Wednesday, April 13, 2011

Quiet week

I've had a fairly quiet week since I fell on my face on Sunday. I had been looking forward to getting out for some road rides and runs this week, but swelling and bruising on my arm and knee has limited me to minimal-impact activities, like taking my mountain bike on smooth-as-possible pavement rides. Even slight jarring from potholes on my bouncy bike has been enough to bring a few tears to my eyes. I feel battered. It really is humorous in a pathetic kind of way, especially when it comes time for the nightly cringe sessions needed to clean and redress the road rash, which is finally close to the point of scabbing over. I'm taking this silly running crash as the final sign from the universe that I was meant to take some real down time this month. OK, universe, you win. I'm taking down time.
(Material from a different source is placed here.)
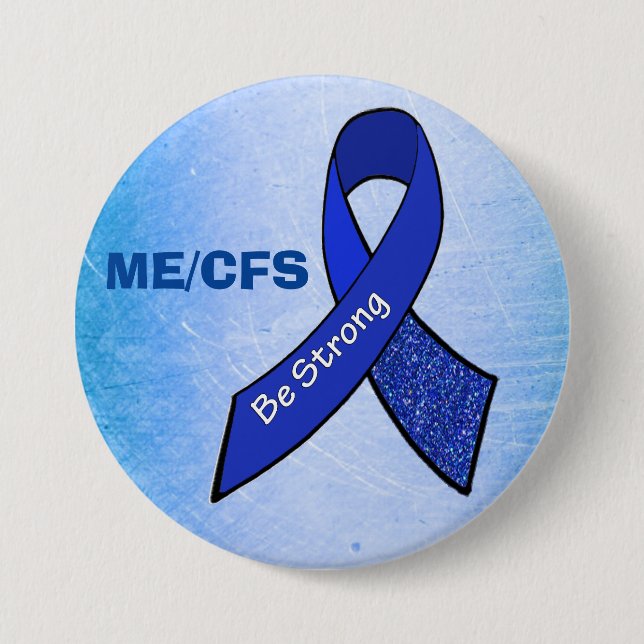 ME/CFS "Be Strong" Button (Vorderseite)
No more signs, OK? Because at this point I'm really itching to get out for a good long effort.

In the meantime, I really wanted to bump down those disgusting road rash pictures, so I'm posting a mid-week news update. In the week's most exciting news, Beat was accepted in the 2012 Iditarod Trail Invitational — 350 miles to McGrath on foot. I am super excited for him, and also excited for myself and potential opportunities to train with him during long backcountry hikes in the snow. Training well for this race is of upmost importance, so as far as I'm concerned, Beat's sacrifice in signing up for the 2012 ITI means I get to enjoy all the spoils of winter adventure without actually having to go through with the race.

It's true — I did not attempt to sign up for next year's race. When asked why, my short answer is that my mom would kill me if I ever entered the ITI again (ha ha.) But the truth is, I did some soul searching about it and decided it wasn't the right time. As I said, I really look forward to participating in Beat's training adventures. I also have dreams of putting together short, solo bike tour on the Iditarod Trail, possibly from Point McKenzie to Finger Lake or Puntilla Lake and back, which I could plan during the week that Beat is racing the ITI. I really wanted to plan a solo tour this past winter, and probably would have if I had stayed in Alaska. Since I'll be doing a lot of foot training anyway, maybe I can fly out a week early and try to crush my Susitna 100 foot time. Oh, the possibilities! Next year's race does promise to be an exciting one. There are 20 people who signed up to race on foot, including Geoff Roes and Dave Johnston, who has won the Susitna 100 twice.

When I wasn't cringing through my short and "too bumpy" mountain bike road rides this week, I was deeply immersed in Great Divide projects — editing photos, writing book promotional materials, playing with cover design ideas, and writing an essay for the second edition of the Cordillera. Even simple design work prompts vivid memories of those three weeks in 2009, and that's where my head has been for much of the week. Because of this, I was fairly amused to receive a fortuitous e-mail from a promoter for the movie "Ride the Divide," a documentary about the 2008 Tour Divide. He had set up a showing in Oakland and he wanted me to attend as a "special guest" to answer questions about the race.

I coerced Beat into joining me on the long Wednesday rush-hour drive to the northland. The showing was held at the Grand Lake Theatre, a quirky old movie house with ornate decorations and a balcony. I expected a low-key event, and was a little shocked when I arrived to a sold-out crowd at a big theater. I've already seen this movie four times, but it was fun to watch it on the big screen, not only for the beautiful cinematography, but also to listen to the crowd's reactions to different scenes. It found myself becoming surprisingly choked up during relatively benign scenes that depicted race leader Matthew Lee quietly riding alone through areas of Southern Colorado and Northern New Mexico. I realized that I am still deeply attached to not only my experiences in the Tour Divide, but also the regions it traverses. For the first time in two years I found myself truly believing that *perhaps* I really do want to go there again someday, in that same context. But not this year. Like the ITI, it's just not the right time.

The Q&A session was fun, but I was not prepared and didn't know how to answer questions like "why did you do it?" ("Uh, well, I had some time off and it seemed like a fun way to spend a summer.") and "who sponsored you?" (Well, I guess the Juneau Empire sponsored me, because they employed me beforehand and gave me paychecks that I was able to stash away for race funds.") A question about my "most vivid experience" resulted in a really long story about interacting with another racer after a serious truck collision on Indiana Pass. But for the most part it went well. It really is rewarding to see how other people react to images and stories from the Tour Divide, because the experience means so much to me.

And hopefully, there will be more mountain biking in my future. Sooner would be my preference.